Seriously, compared to the old Pistons, or the Lakers versus the Celtics during the 1980s, Pacers-Bulls is a game of checkers.
I'm going to miss interim coach Frank Vogel's news conferences.
He hasn't just been a star on the court, he has been a star off it as well. He has been equal parts Norman Vincent Peale and The Rock, pumping up his team with happy talk and daily affirmations.
He said this after Game 4:
"This is the scrappiest team I've ever seen. Not just the scrappiest team I've ever worked with or been around, but the scrappiest team ever."
He is the king of giddy overstatement, but after fired coach Jim O'Brien, that's not necessarily a bad thing. Let's face it: Obie could make you feel bad about winning the lottery.
I'll miss watching the different tactics the Pacers employ to harass Derrick Rose.
The crazy thing is, he won those first three games for the Bulls with his late-game heroics, but you look at the statistics, he has needed a ton of shots to get his numbers.

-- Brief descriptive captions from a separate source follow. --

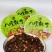 【梅菜扣肉】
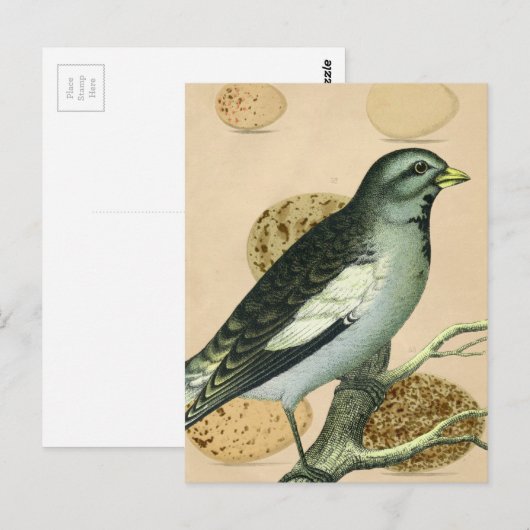 Digitale Vintage Vogelkunst Postkarte (Vorne/Hinten)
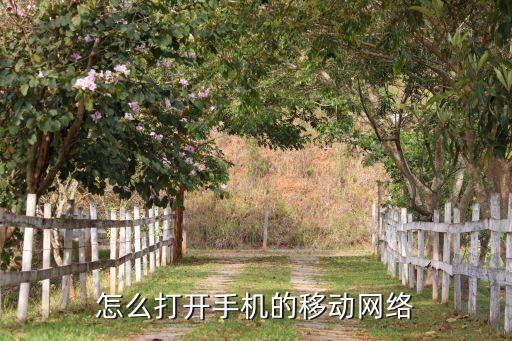 怎樣激活移動數據網,移動數據網顯示LTE什么意思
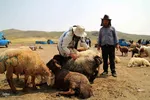 بازار گرمی گوشت قربانی در عید قربان – شهرستان اهر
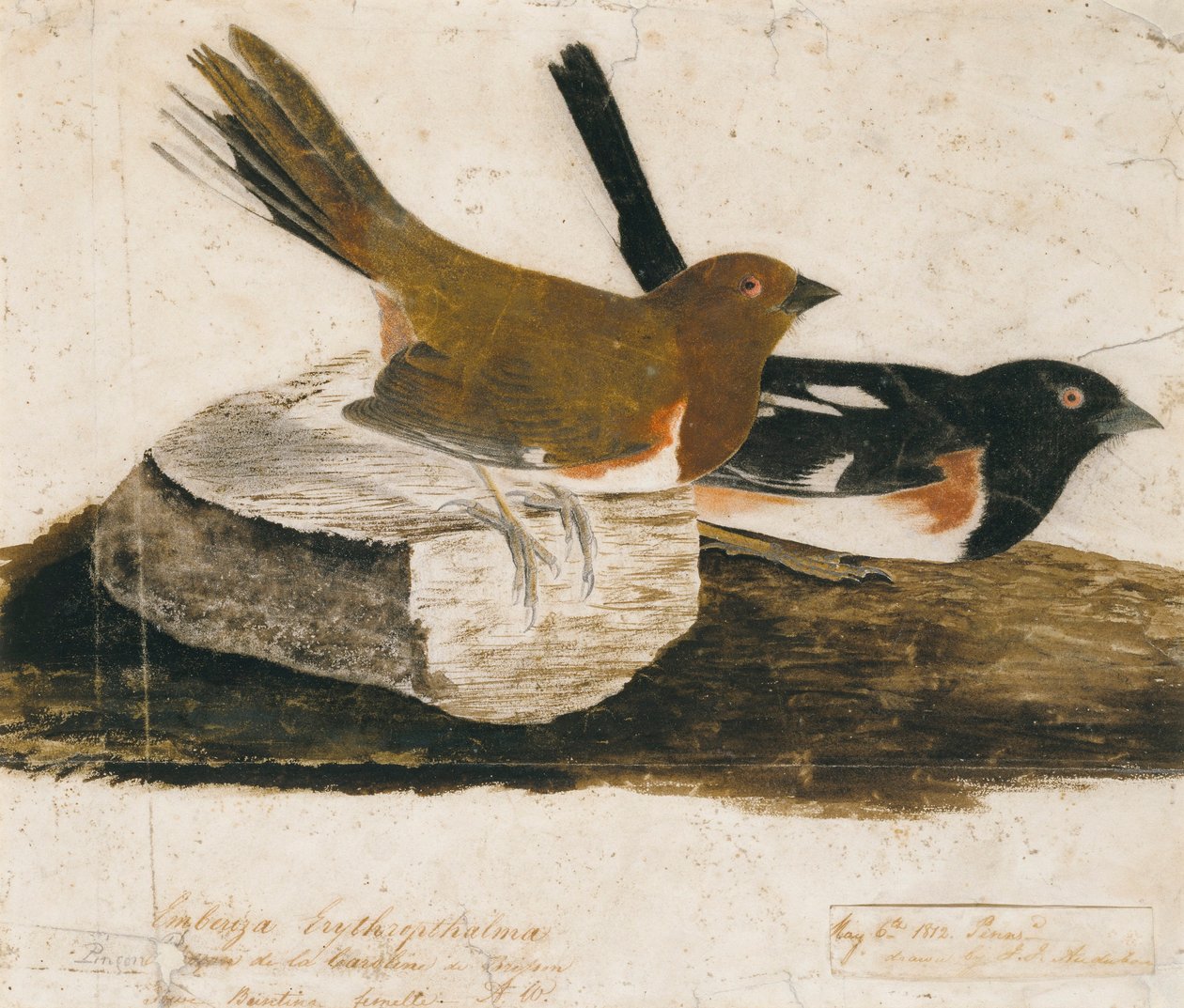 Towhee Ammer von John James Audubon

They've trapped and taken the ball out of his hands. They've thrown Paul George at him. They've put Dahntay Jones in his path -- which makes me wonder why Jones didn't play in Chicago in those first two games.
I'll miss the Luv-a-Bulls.
But that's just me.
I'll miss the teeth-gnashing in the Chicago media, where every story has the same general approach: "Sure, the Bulls are winning, but why aren't they winning by more or winning more impressively? WHAT'S WRONG WITH THE BULLS!!??''
Shoot, here in Indiana, we're ready to throw the Pacers a parade for keeping it close. (Although that's going to change next year, when expectations come.)

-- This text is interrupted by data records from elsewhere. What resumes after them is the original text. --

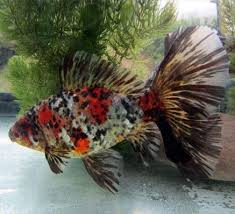 Bristol Shubunkin Goldfish Goldfish Shubunkin Goldfish Pet Fish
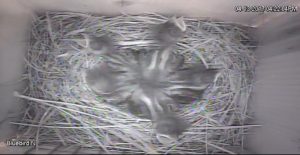 BB Nestlings in Cooling-X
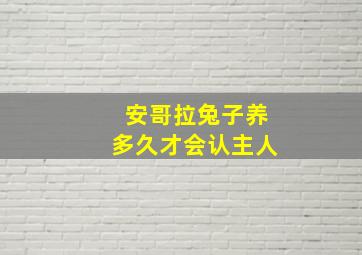 安哥拉兔子养多久才会认主人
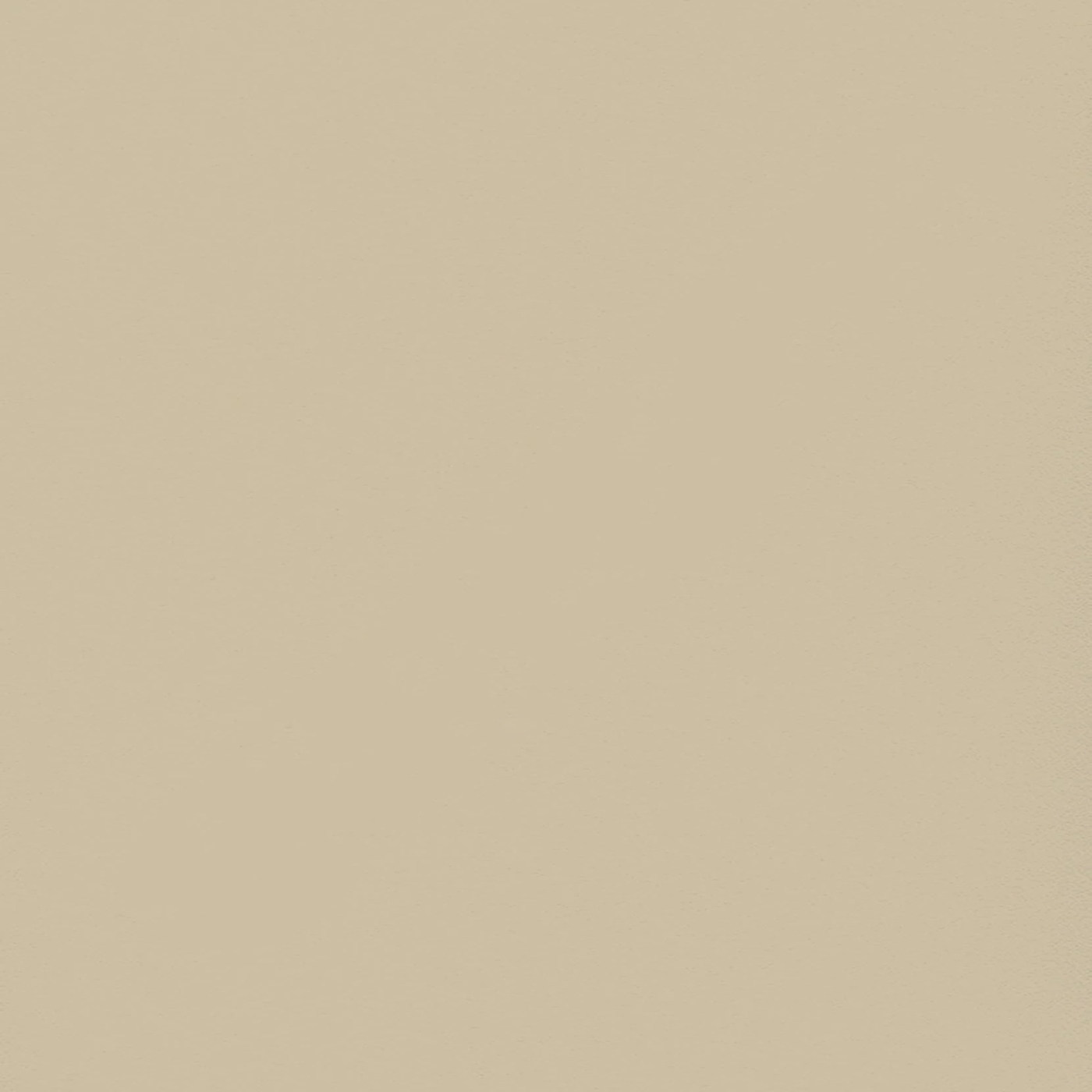 Пленка Фон слэйт СС 1203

I'll miss watching this team's remarkable and sudden growth spurt, and miss watching Vogel grow alongside it.
With each passing day, it becomes more difficult to argue that Vogel should not be the coach next year and the years beyond.
Emotionally and strategically, he has turned this team around, and he has done it in what seems like five minutes.

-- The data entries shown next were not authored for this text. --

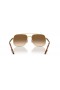 Ray-Ban RB3699 M (56 - 18) mit Braunen Linsen und Gold Rahmen Sonnenbrille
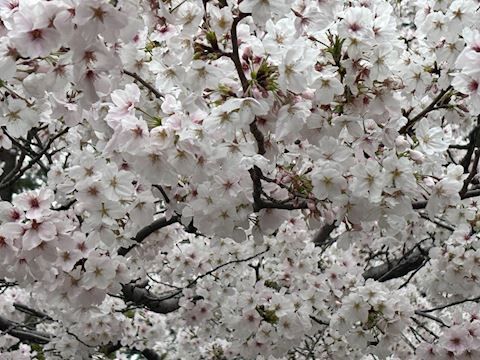 花粉注意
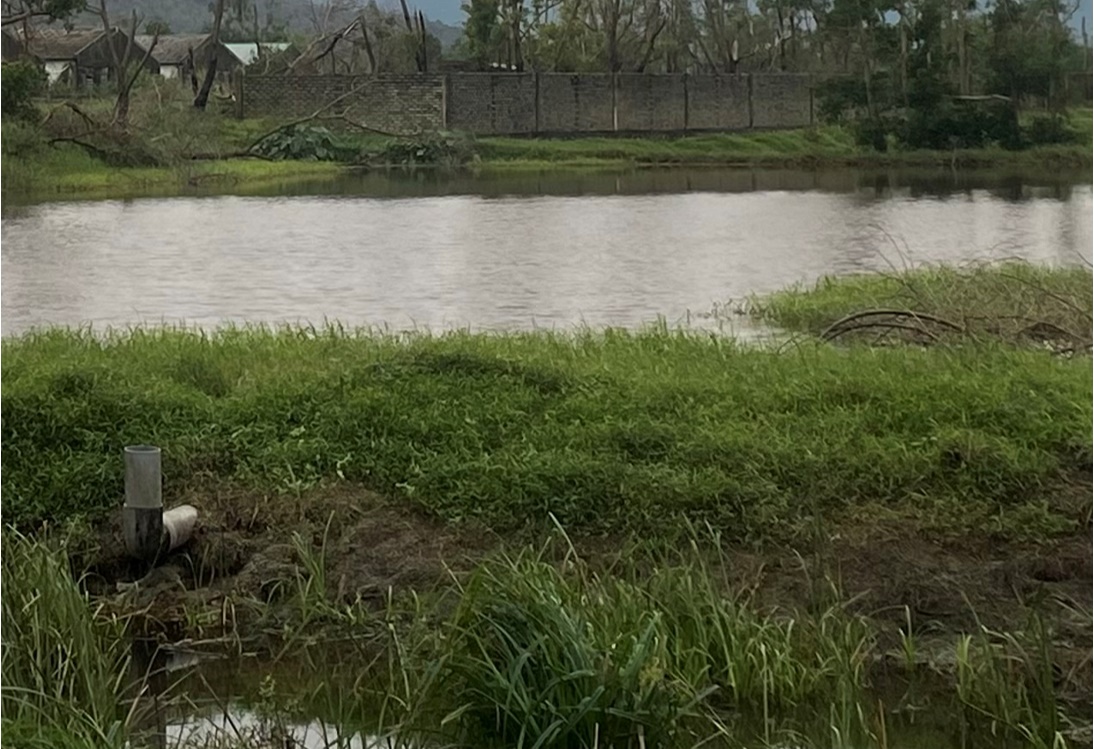 Trang trại chăn nuôi khắc phục hậu quả 2 cơn bão liên tiếp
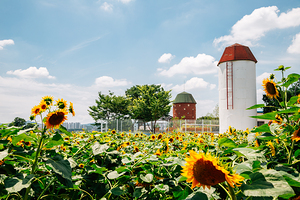 Sunflower field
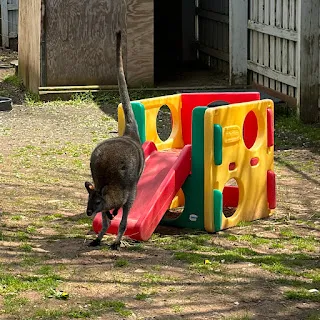 A wallaby jumps from a child's playpen.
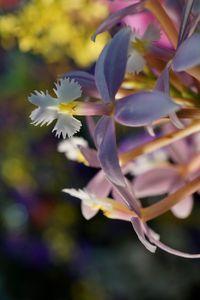 Close-up of flowers blooming outdoors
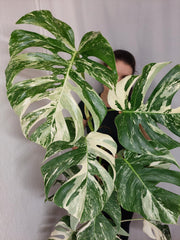 Monstera Variegata Adult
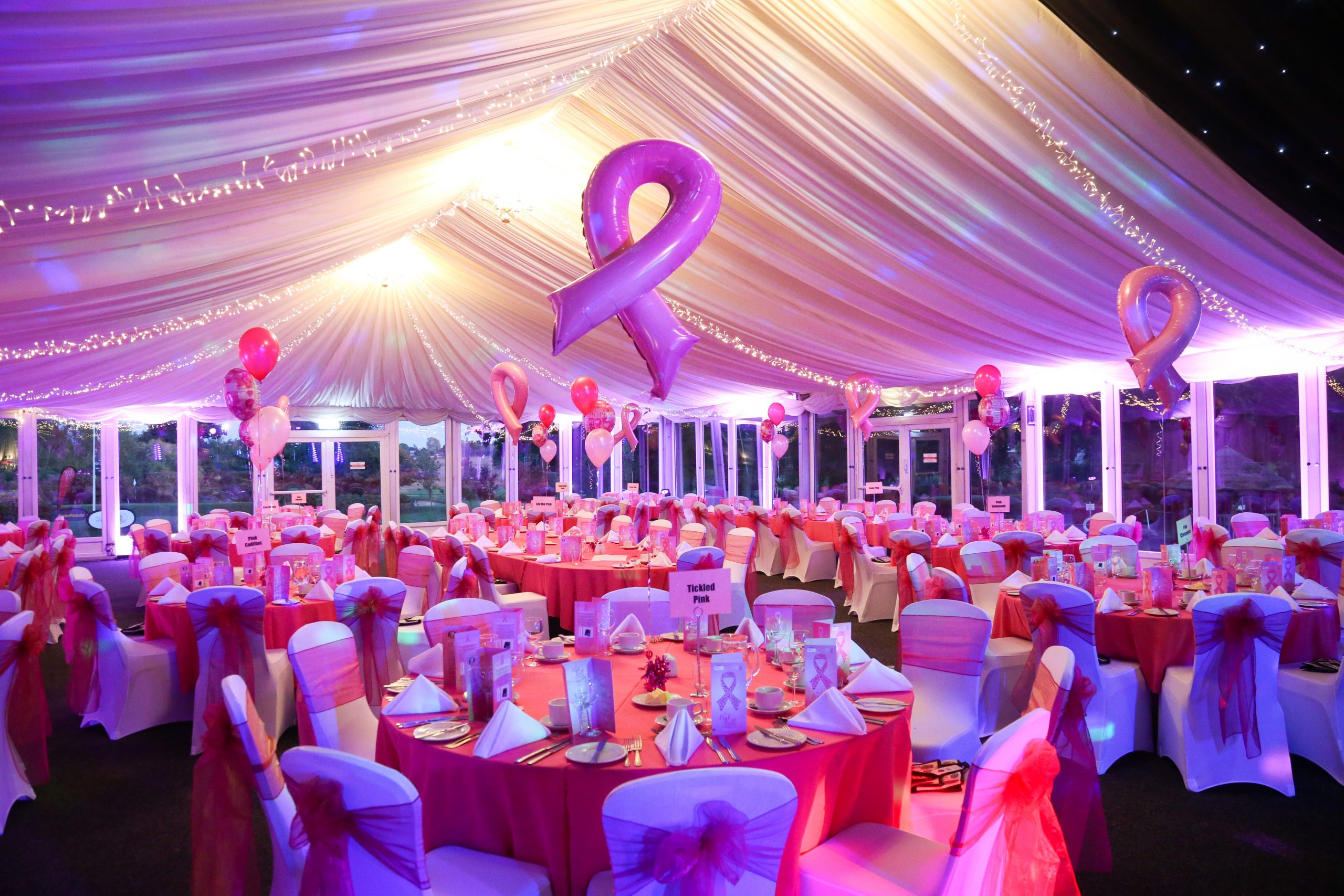 Tickled pink with charity ball fundraiser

"Right from the beginning, we made some subtle changes those first two or three weeks, and every two days we had a fairly big change in our style or something we added," Vogel said Monday. "There was a series of small steps from the time I took over."
He was asked, was there a point when he felt like his team really got it under his tutelage?
"Maybe the New York game (a Pacers victory March 13 at Madison Square Garden that broke a six-game losing streak) where we caught ourselves," he said. "Everybody was talking about how the newness had worn off, we had lost a few in a row and people were saying now they were going back to being the same, old Pacers.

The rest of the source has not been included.